よくある作品はすぐに埋もれてしまいますが、読んでくれる読者はかなりいるはずです。
また、自分の作品にウリがなくても、図を見れば、どうすればウリにできるかわかったと思います。
不完全なウリから、中央のウリに向けて、移動すればいいのですね。
よくあるウリしかないなら、ほかの人が提供できない価値は何だろう、と考えてみる。
惜しいウリを思いついているなら、なんとかして自分で書く。
勘違いのウリなら、読者のことを意識することから始めればいいでしょう。
とにかく、ウリがなければ選ばれることはありません。
改善できなくても、「自分の作品にはウリがあるか」と考えてみるだけでも意識が変わると思います。

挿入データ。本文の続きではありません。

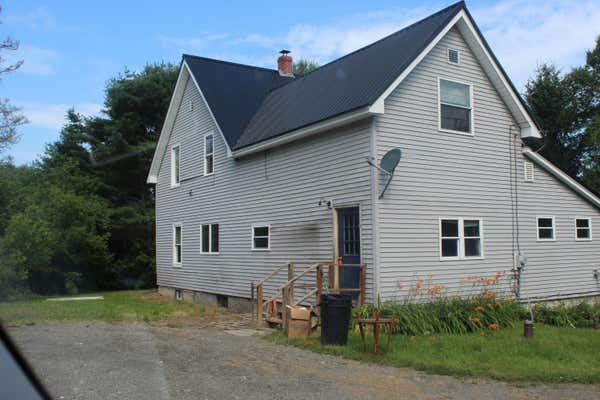 432 OLD PATTEN RD, ISLAND FALLS, ME 04747 - Image 1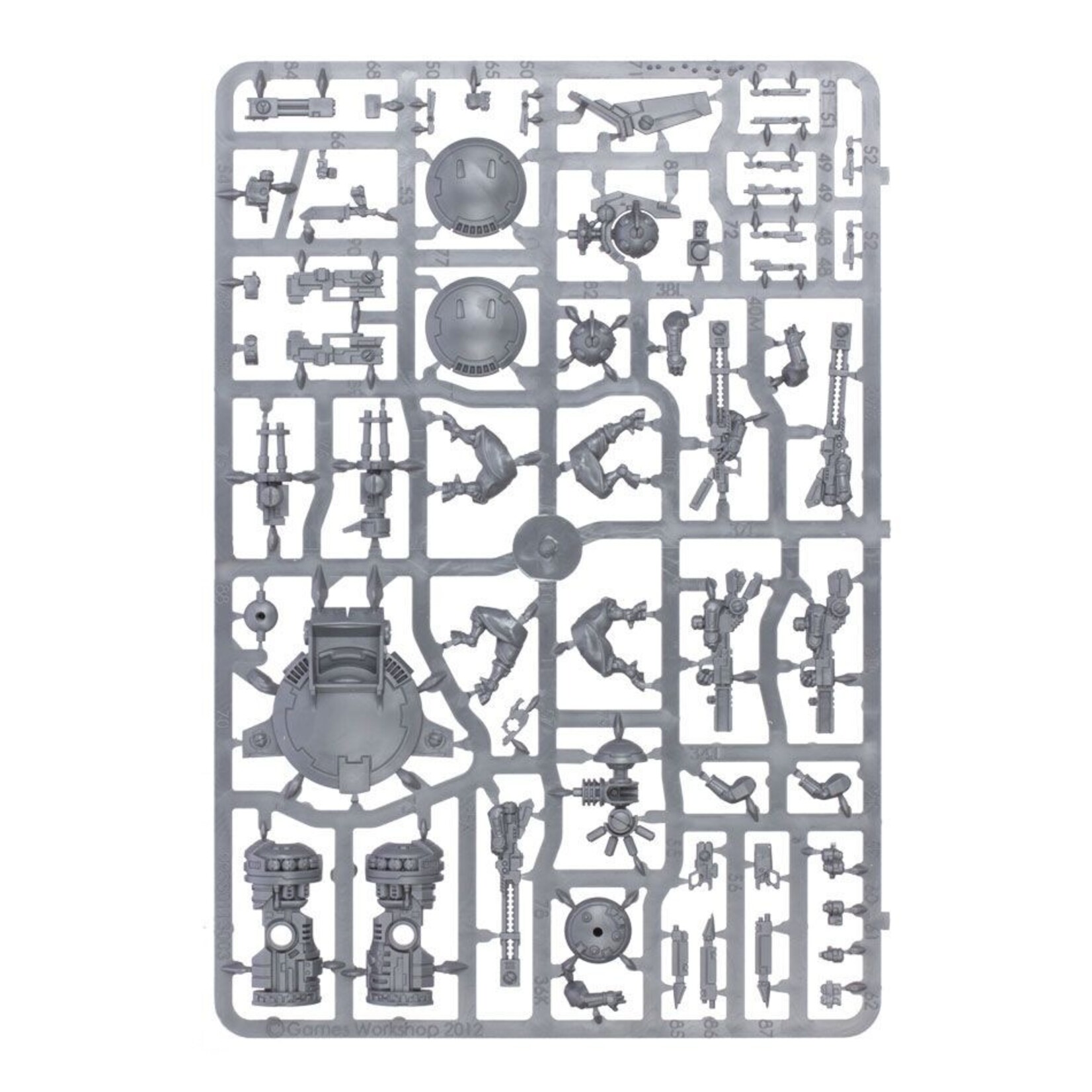 Games Workshop T'au Empire Pathfinder Team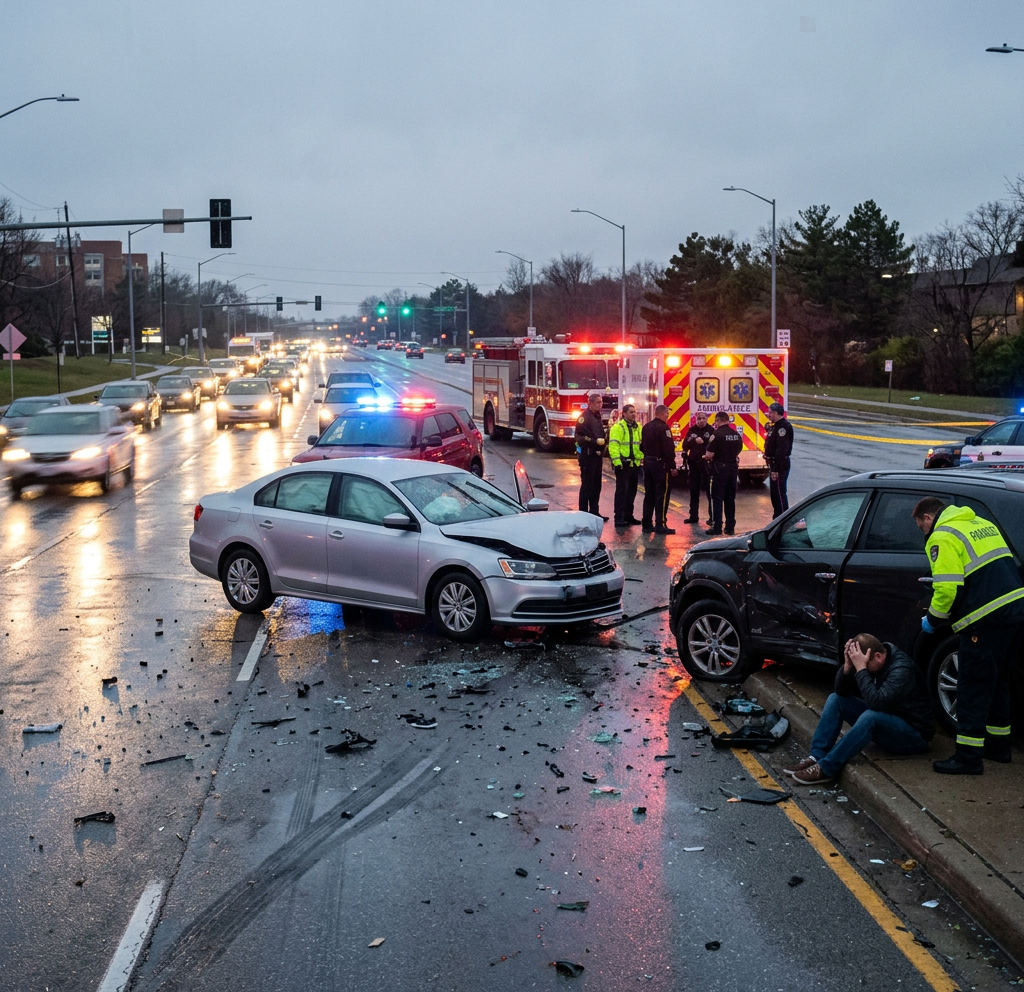 Traffic Accident Reconstruction Level 2 Course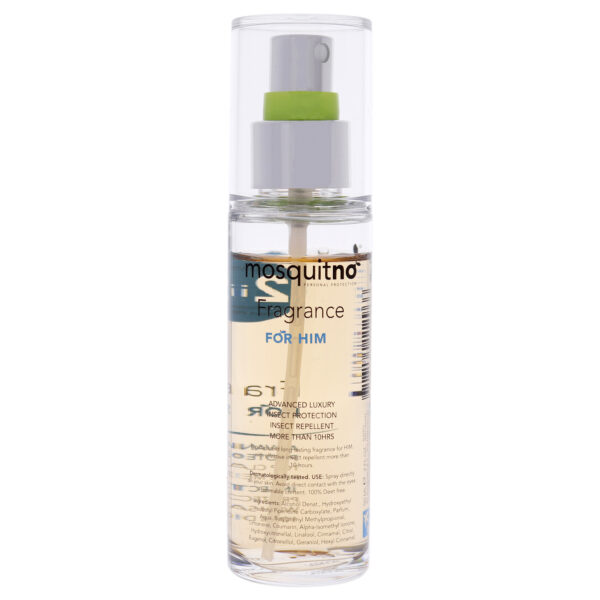 Mosquitno Fragrance For Him - Image 2
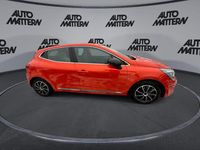 Gebraucht Renault Clio V Intens 131 PS (96 kW) 2019 Valencia orange (metallic) Limousine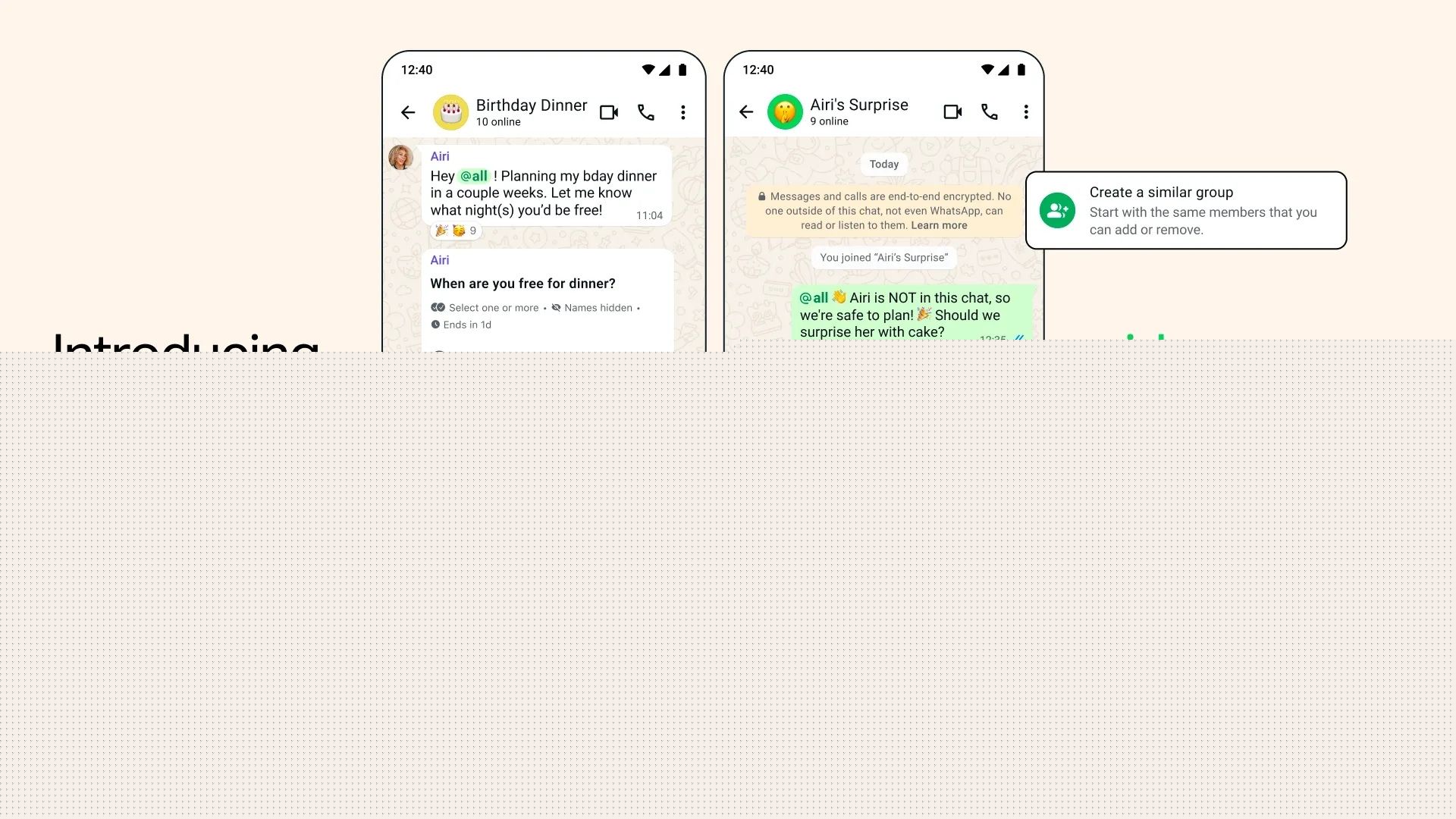 WhatsApp adds a feature that could get very annoying, very fast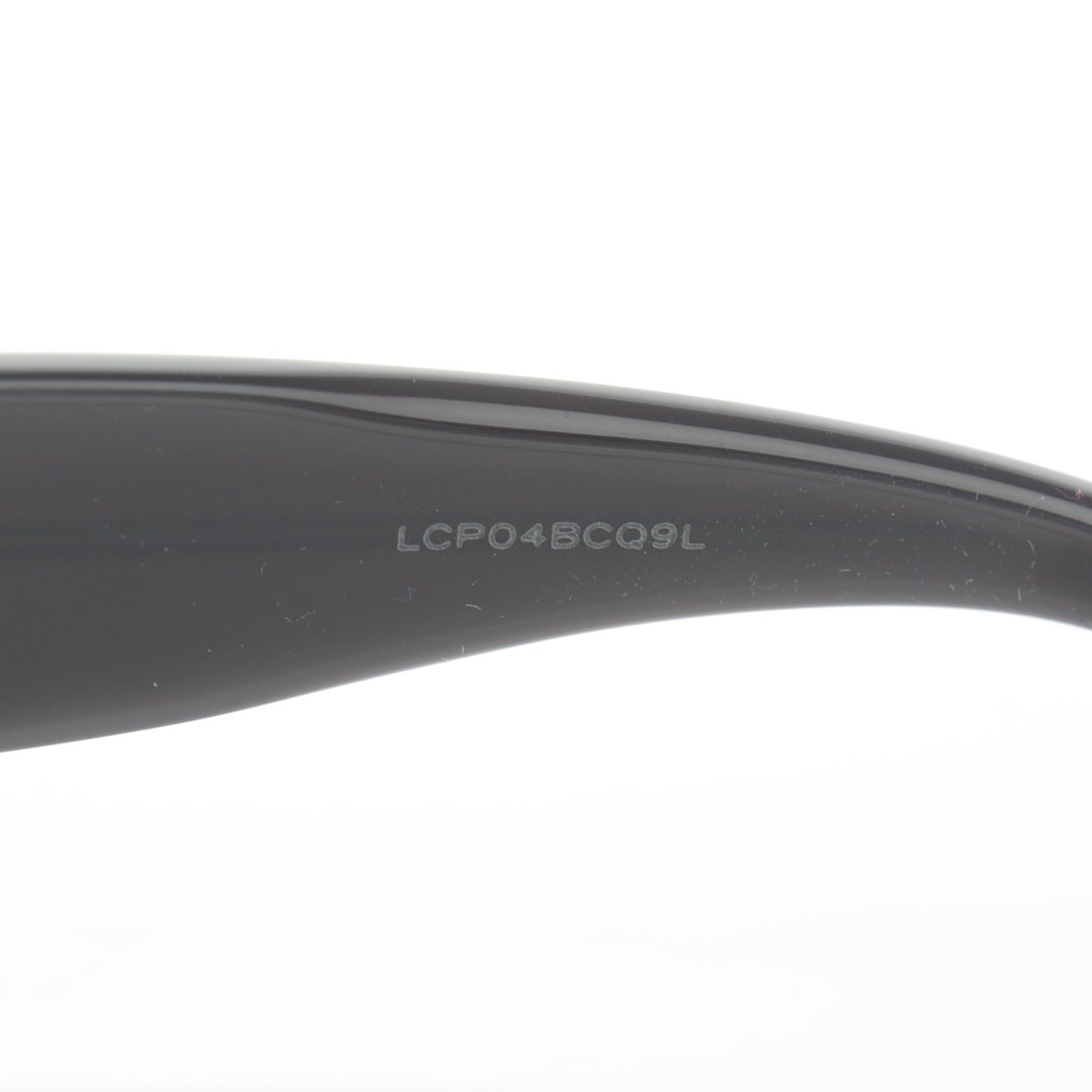 Mother of Pearl Classic F Sunglasses Grey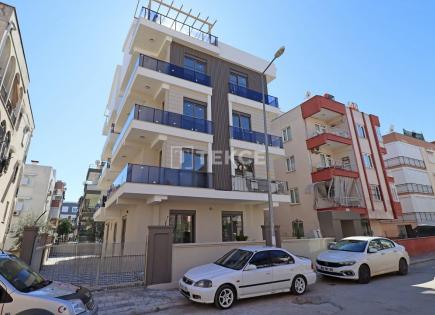 Appartement pour 92 000 Euro à Antalya, Turquie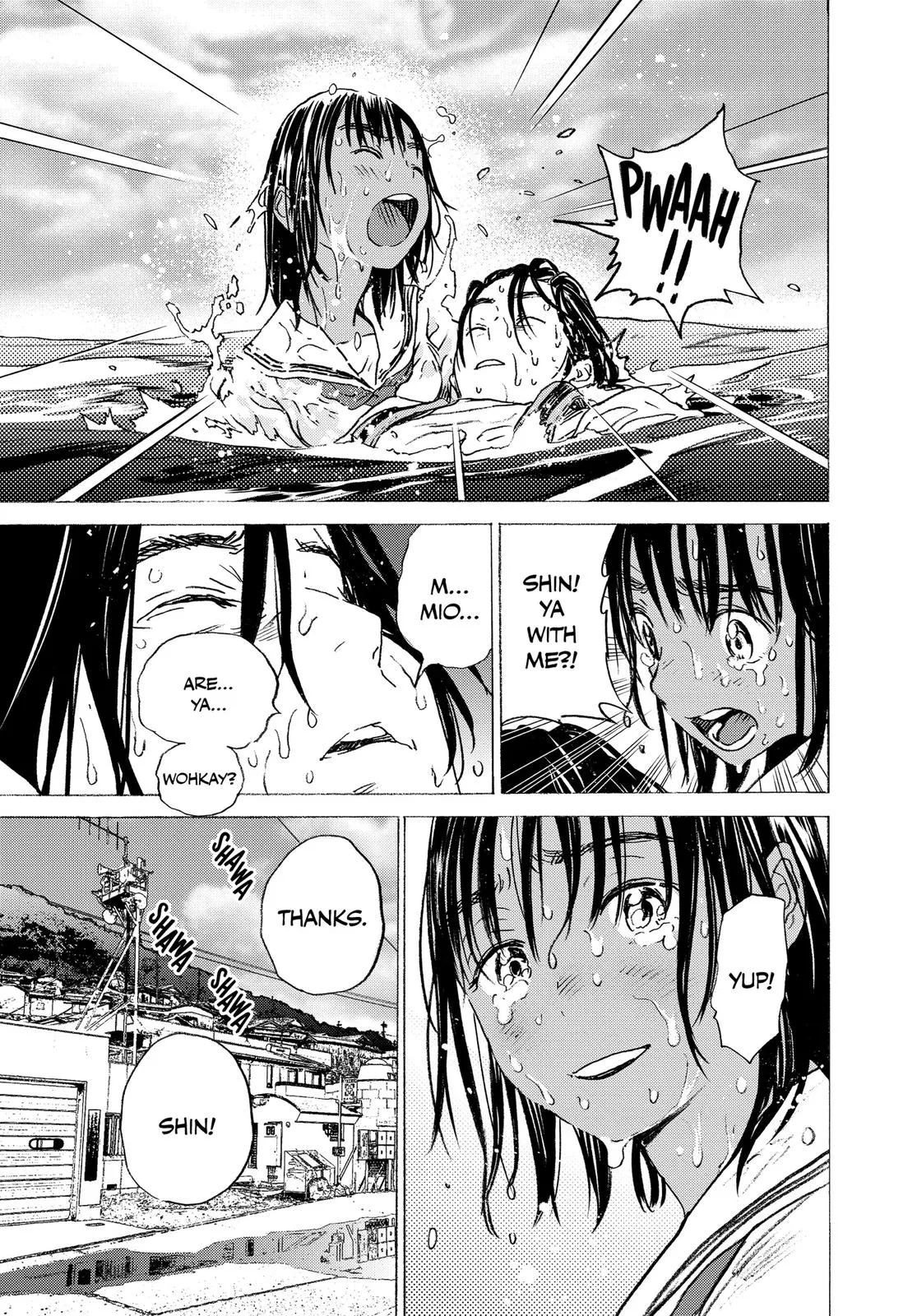 Read Summertime Rendering (en) Manga Online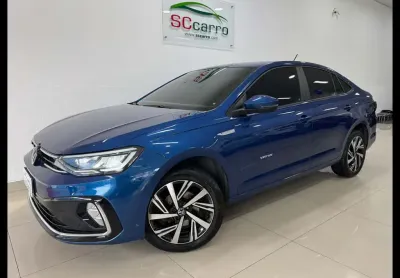 Volkswagen virtus highline 200 tsi 1.0 flex 12v aut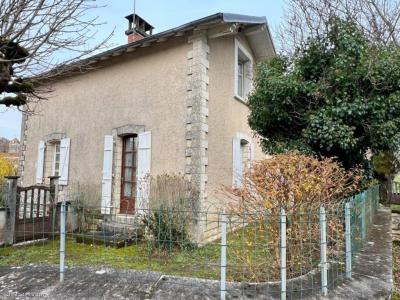 Annonce Vente 4 pices Maison Nanteuil-en-vallee 16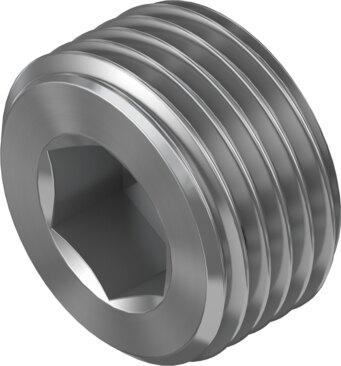 Festo 31785 Blanking plug B-1/2-NPT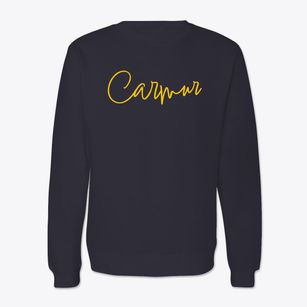 Carmur North Carolina Freestyle Crewneck Sweatshirt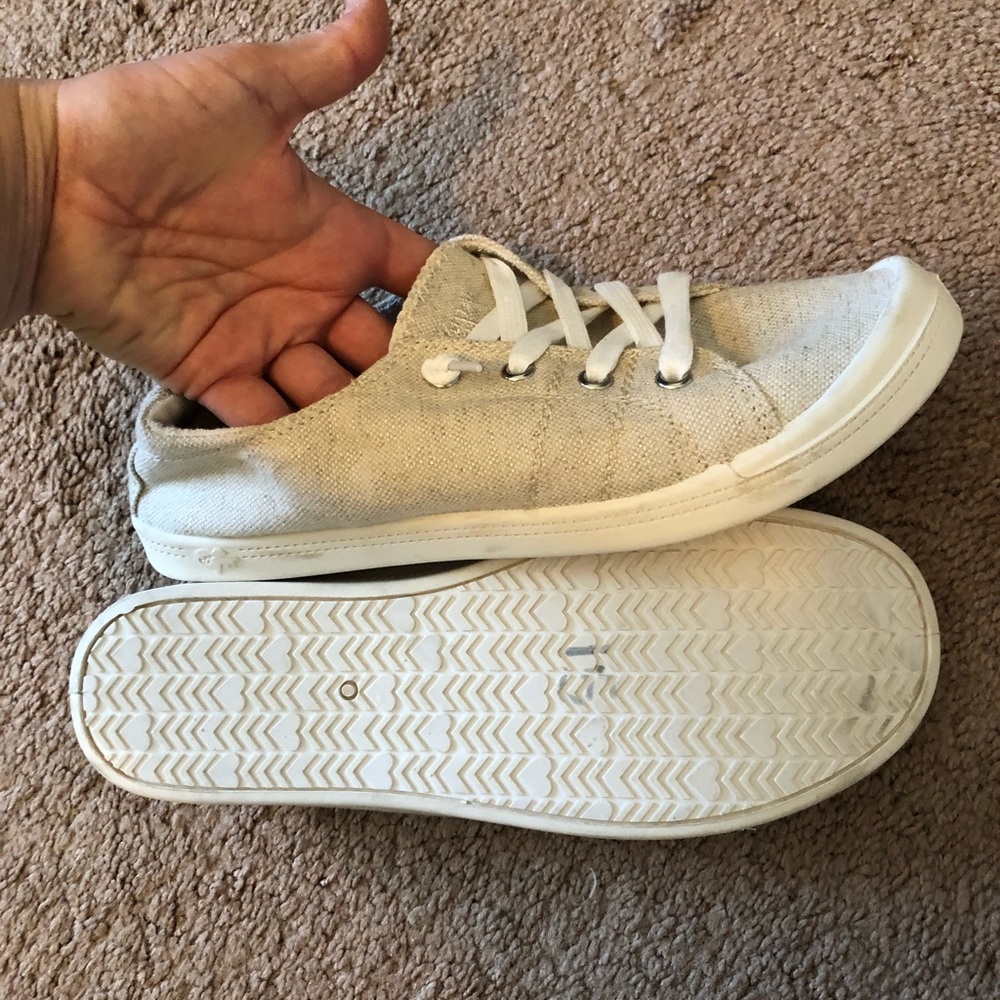 Slip-On comfy canvas shoes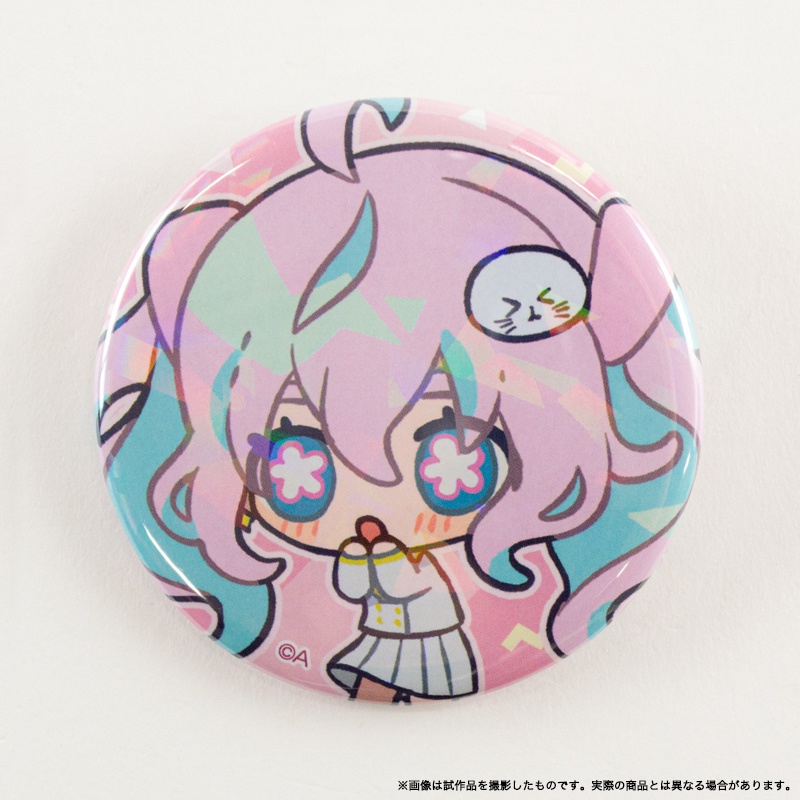 MNG×電音部 イケブクロエリア 24AWキャラバッジコレクション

考えたことがないなら、図を参考にして、ぜひ考えてみてください。
今回のまとめ
「あなたの作品にはウリがありますか?」でした。
ウリ=読者がその作品を買う決め手となるポイント
条件は3つ
読者が求めている
自分が提供できる
他者が提供できない
2つの条件を満たす不完全なウリ
勘違いのウリ
自分が提供できて、読者が求めていないウリよくあるウリ
自分が提供できて、他人も提供できるウリ惜しいウリ
読者が求めていて、他人が提供できないウリ
ウリをつくるには
勘違いのウリの場合
読者を意識するよくあるウリの場合
他人が提供できない価値は何かと考える惜しいウリの場合
一刻も早く自分で書く
プロになっても、なかなかウリを押し出せないものです。
たいていはよくあるウリの域を出なかったりしますね。
まだまだ精進が必要です。
それではまたくまー。
(2024/7/1追記)
おー!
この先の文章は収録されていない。